Il porto dell'immaginario

di Fabio Canessa

Se la navigazione è da sempre metafora del viaggio della vita, il porto non può che esserne l'approdo finale. Non solo e non tanto come placida rappresentazione della vecchiaia e della morte, ma soprattutto come esito, chiusura perfetta. Arrivare in porto significa soprattutto raggiungere l'obiettivo: dal momento che l'esistenza si configura come un percorso avventuroso gravido di minacce e di dolori, durante il quale la fragile navicella sulla quale viaggiamo rischia di naufragare, la vista del porto già ci riempie di gratificazione, facendoci intravedere la salvezza. Il porto è sinonimo di protezione, di liberazione dagli affanni e dai disagi di chi si sforza di mantenere la rotta durante la tempesta. Chi non salpa non vive, chi non ha il coraggio di tentare l'avventura per mare si priva delle emozioni di stare al mondo, impedendosi di conoscere se stesso e l'universo che lo circonda.
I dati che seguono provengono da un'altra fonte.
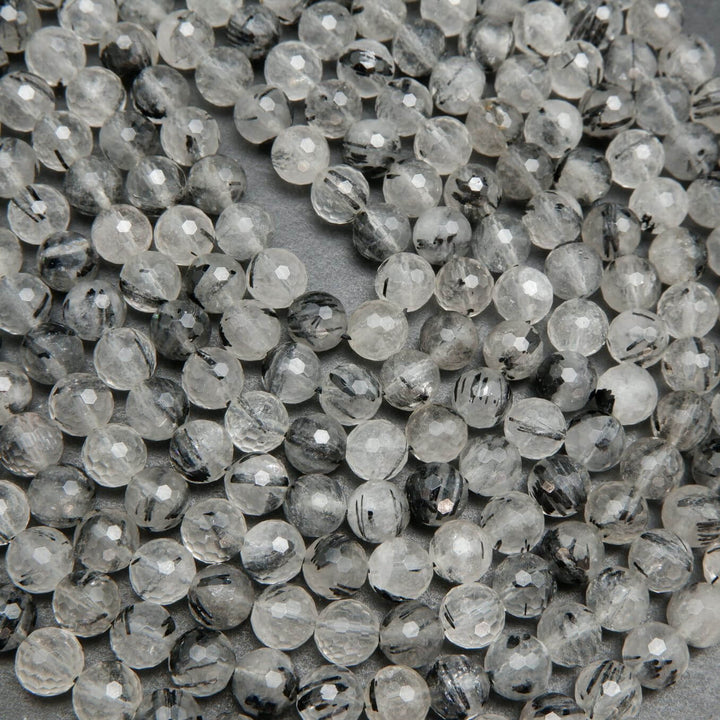 Faceted Translucent Tourmalated Quartz Beads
L'Ulisse di Omero, mito fondatore della cultura occidentale, ha come fine ultimo il ritorno a Itaca, ma l'imprevedibilità del fato gli riserva un'innumerevole serie di deviazioni, allontanamenti, tentazioni che lo separano da Penelope. Al punto che l'Ulisse di Dante non riesce ad acquietarsi nella propria casa e, pur vecchio e stanco, cede al richiamo della vita e dell'avventura, osando l'inosabile.
Una vita protetta non è degna di essere vissuta e la nostalgia del focolare domestico si nutre della continua minaccia di essere privati della dimensione familiare, in balia dei numi avversi. Il vero marinaio non può infilarsi le pantofole e abbandonare remi e vele per la poltrona e il telecomando.
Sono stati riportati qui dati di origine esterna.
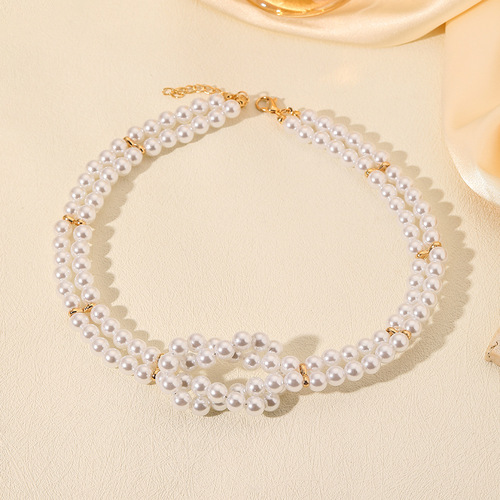 European and American cross-border fashion new cool style double-layer 8-word knot winding pearl necklace for women, factory direct sales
 Meglio rischiare che la Provvidenza affondi con il suo carico di lupini e Bastianazzo affoghi piuttosto che rinunciare ad affrontare il mare aperto. Una vita viva è sempre un'odissea, per i flutti del Mediterraneo o tra le vie di Dublino poco importa.
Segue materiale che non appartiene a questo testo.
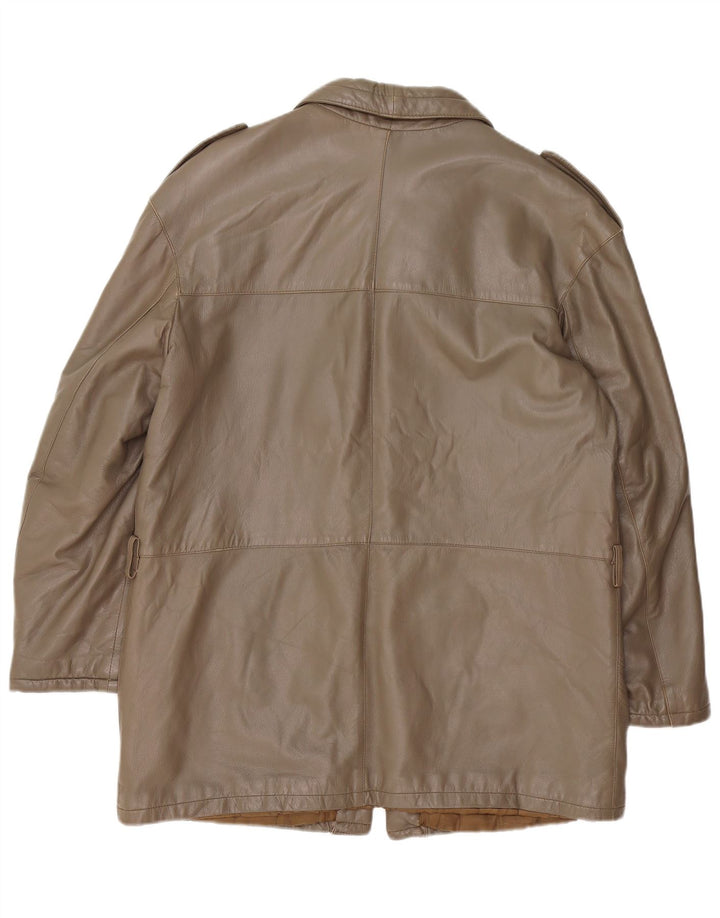 Vintage męska skórzana kurtka wojskowa IT 52 XL brązowa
Chi si sente, come Montale, "della razza che rimane a terra", ne serberà sempre il rimpianto e il rimorso. Ogni poeta concepisce la propria opera come un viaggio per mare e scorgere le banchine del porto vuol dire aver condotto a compimento la propria vocazione. La folla di illustri vip che attende l'approdo della nave in porto nell'ultimo canto dell'Orlando Furioso acclama l'abilità del nocchiero Ariosto, che è riuscito a chiudere il poema nonostante le spinte centrifughe del suo complicatissimo intreccio. Magari riuscissimo anche noi a terminare compiutamente le nostre vite prima che la morte le interrompa nel bel mezzo di una trama irrisolta e inconcludente. Una volta scesi a terra, l'avventura non è finita. L'atmosfera del porto non è quella dei sonnolenti e prevedibili quartieri borghesi: crocevia di popoli e destini, di arrivi e partenze, il porto è da sempre la vera società multietnica. Il suo fascino è quello dell'ambiguità, perché è luogo di incontri, regione instabile dell'effimero e del fortuito, perennemente mutevole. Vi sbarcano ciurme da tutto il mondo, nei suoi vicoli puoi trovare Braccio di Ferro e Corto Maltese, i marinai gay di Fassbinder e i pirati di Stevenson, Marlon Brando e Marlene Dietrich, gli eroi di Salgari e i mercanti di Boccaccio, gli ubriaconi tatuati e le puttane dal cuore d'oro, gli esploratori inglesi in cerca di tribù sconosciute e gli affaristi senza scrupoli, i pescatori di pesce e quelli di perle, gli illusi e i delusi, gli armatori miliardari e i reietti della società. Serbatoio dell'immaginario letterario, cinematografico e fumettistico, il porto è l'apprendimento della vita, la palestra del disordine sentimentale (avere una ragazza in ogni porto è il sogno di ogni marinaio) e la serenità della morte cui aspirava Ugo Foscolo ("e cerco anch'io nel tuo porto quiete").
Lo aveva capito bene Dante, che nel Paradiso definisce gli uomini come le creature che "si muovono a diversi porti/ per lo gran mar dell'essere, e ciascuna/ con istinto a lei dato che la porti". La rima equivoca ci ricorda l'affinità tra il porto e l'essere portati, o trasportati, ognuno verso il proprio approdo. A meno che l'ispirazione non ci destini verso il porto sepolto: quello, secondo Ungaretti, dove "vi arriva il poeta/ e poi torna alla luce con i suoi canti/ e li disperde".